The payload, LOTUSLITE, is a custom C++ implant designed for espionage rather than financial gain. While researchers noted that the loader demonstrates “low development maturity” with minimal error handling, it possesses a decent persistence technique and supports remote tasking.
Once established, the backdoor communicates with a command-and-control (C2) server using a hard-coded IP address. To blend in with normal network traffic, it mimics legitimate web requests:
- It uses a Googlebot User-Agent string.
- It sets the referrer to Google and the Host header to a Microsoft domain.
- It utilizes a “magic” hex marker (0x8899AABB) to authenticate itself to the C2 server.
For persistence, the malware creates a directory in C:\ProgramData and adds a registry entry under the current user’s “Run” key, ensuring it executes every time the user logs in.
One of the more bizarre aspects of the analysis involves hidden messages within the malware’s export functions. The researchers found “developer-inserted messaging” that appears to reference national identity.
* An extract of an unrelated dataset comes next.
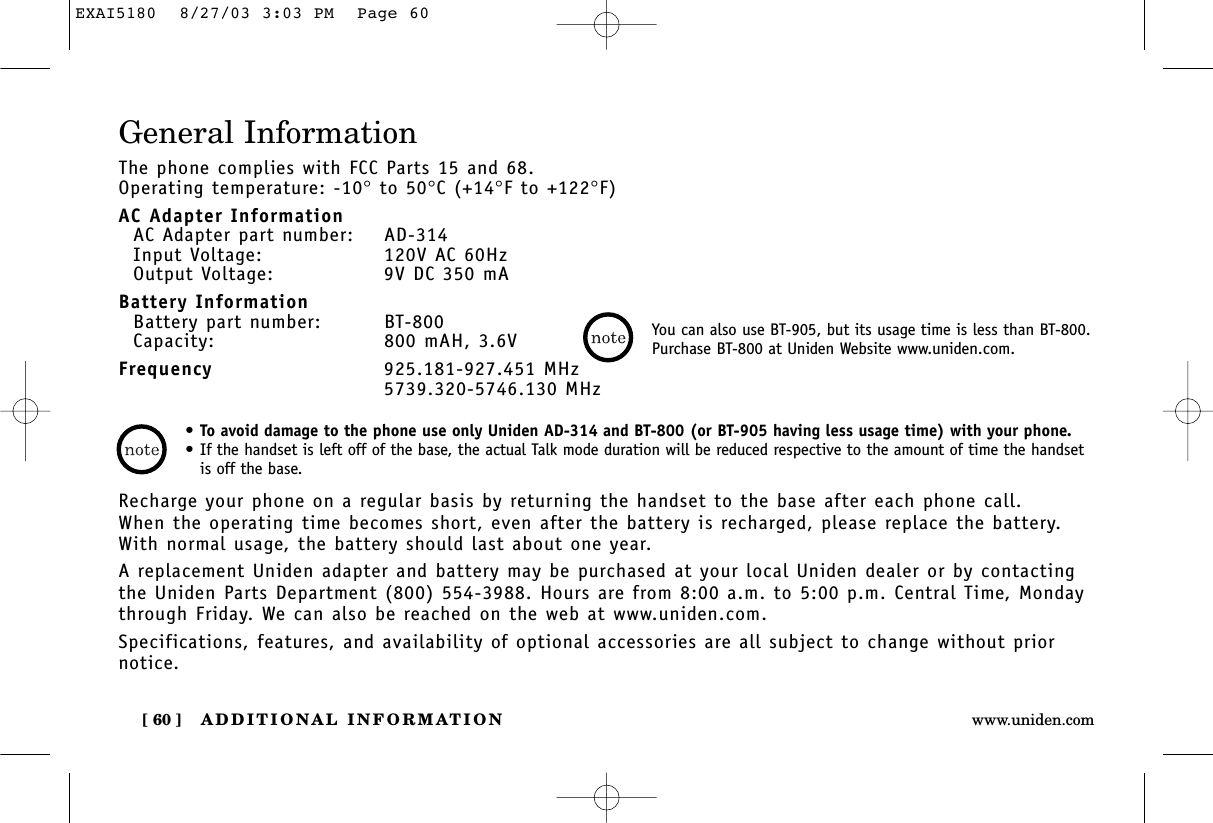 ADDITIONAL INFORMATION[ 60 ] www.uniden.comGeneral InformationThe phone complies with FCC Parts 15 and 68.Operating temperature: -10°to 50°C (+14°F to +122°F)AC Adapter InformationAC Adapter part number: AD-314Input Voltage: 120V AC 60HzOutput Voltage: 9V DC 350 mABattery InformationBattery part number: BT-800Capacity: 800 mAH, 3.6VFrequency 925.181-927.451 MHz5739.320-5746.130 MHzRecharge your phone on a regular basis by returning the handset to the base after each phone call. When the operating time becomes short, even after the battery is recharged, please replace the battery. With normal usage, the battery should last about one year. A replacement Uniden adapter and battery may be purchased at your local Uniden dealer or by contactingthe Uniden Parts Department (800) 554-3988. Hours are from 8:00 a.m. to 5:00 p.m. Central Time, Mondaythrough Friday. We can also be reached on the web at www.uniden.com. Specifications, features, and availability of optional accessories are all subject to change without priornotice.•To avoid damage to the phone use only Uniden AD-314 and BT-800 (or BT-905 having less usage time) with your phone.•If the handset is left off of the base, the actual Talk mode duration will be reduced respective to the amount of time the handsetis off the base.You can also use BT-905, but its usage time is less than BT-800.Purchase BT-800 at Uniden Website www.uniden.com.EXAI5180  8/27/03 3:03 PM  Page 60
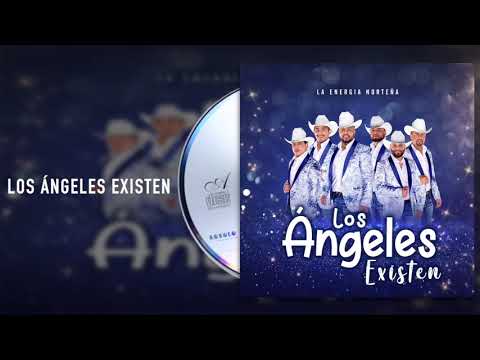 La Energía Norteña - Los Ángeles Existen (Audio)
“One function includes text distancing the author from a Russian origin, while the other contains an explicit self-identification statement claiming Chinese identity”.
Acronis TRU assesses with moderate confidence that the campaign is attributable to Mustang Panda. This conclusion is not based on code reuse alone, but rather on behavioral patterns, including the delivery style, the separation of the loader and DLL, and the specific use of legitimate executables like the “KuGou” music player.
The discovery of LOTUSLITE serves as a reminder that advanced persistent threats (APTs) often rely on operational reliability over technical complexity. As the report concludes, “While the malware itself demonstrates limited technical sophistication, its selective targeting and contextual lure usage indicate deliberate victim selection”.